Piemonte, il veto delle private che blocca le scuole pubbliche
Polemica sulla legge che limita l’apertura di nuove strutture
 
di Michele Brambilla, La Stampa
L’ultima grana è scoppiata ieri qui a Novara ma situazioni simili ci sono un po’ in tutto il Piemonte e presto la vicenda diventerà un caso nazionale. Si tratta di questo: l’anno scorso la giunta piemontese, retta dal leghista Cota, ha approvato una legge regionale sulle scuole materne che sembra capovolgere il principio di libertà di scelta.  

 In pratica la legge dice che dove esiste una scuola materna paritaria non può aprire una scuola materna pubblica; a meno che la prima non dia il permesso alla seconda. Insomma le paritarie hanno una sorta di diritto di veto sull’apertura di una concorrente pubblica sul proprio territorio.

Per spiegarci meglio con un caso concreto, partiamo appunto da Novara. Il Comune ha chiesto di aprire due nuove sezioni per le materne statali all’interno della scuola Don Ponzetto, nel quartiere Sant’Agabio. Dove però ci sono altre scuole materne, tra cui la Regina Pacis di via Giannoni, un istituto paritario. E in base alla legge regionale del 2013 la Regina Pacis – attraverso la Fism, la federazione delle scuole materne cattoliche – ha espresso parere contrario, che è vincolante.

 Guerra ideologica? No, l’ideologia non c’entra. Non è neppure un problema di integrazione: «Gli stranieri, tra i nostri bambini, sono il 37 per cento, molti sono musulmani e non hanno mai avuto problemi, anzi», dice Alberto Bertola, un volontario che si occupa dell’amministrazione della Regina Pacis. È piuttosto una questione di sopravvivenza: «Non abbiamo niente in contrario a una nuova sezione statale – dice ancora Bertola -: ma due sono troppe. Ci ritroveremmo con meno bambini e dovremmo licenziare il nostro personale».

 Comprensibile. Ma c’è un altro problema. Alla Regina Pacis si paga una retta di cento euro al mese, più 4,60 di mensa quotidiana. È vero che spesso le suore e alcuni genitori aiutano i meno abbienti: ma la retta c’è. Nelle materne statali e comunali, invece, si paga solo il pasto. «Sant’Agabio – dice Margherita Patti, Pd, assessore comunale all’Istruzione – è un quartiere popolare e non tutti possono permettersi di pagare la retta. E comunque è importante che in ogni zona della città ognuno abbia la possibilità di scegliere».
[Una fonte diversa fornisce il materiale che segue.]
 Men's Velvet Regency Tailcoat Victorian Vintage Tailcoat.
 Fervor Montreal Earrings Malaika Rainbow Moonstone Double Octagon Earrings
 A Bibiana, nel Torinese, la faccenda è ancora più complessa. Perché il Comune non vorrebbe aprire nuove sezioni, bensì una scuola intera, nuova di zecca, costata quasi un milione e mezzo di denaro pubblico. È lì, pronta per essere inaugurata. Ma Bibiana, che ha meno di cento bambini, ha sempre avuto una sola materna: quella gestita dalla parrocchia. E la Fism ha esercitato il suo diritto di veto sull’apertura della nuova materna pubblica, mandando in crisi anche don Ermanno Martini, parroco di Bibiana da 47 anni, che da una parte non vuole passare per censore, dall’altra è preoccupato per i posti di lavoro della sua materna parrocchiale, che subirebbe la concorrenza. Altri casi del genere ci sono a Villanova Canavese, a Torino in via Thures, a Venaria, a Bagnolo Piemonte, a San Damiano d’Asti.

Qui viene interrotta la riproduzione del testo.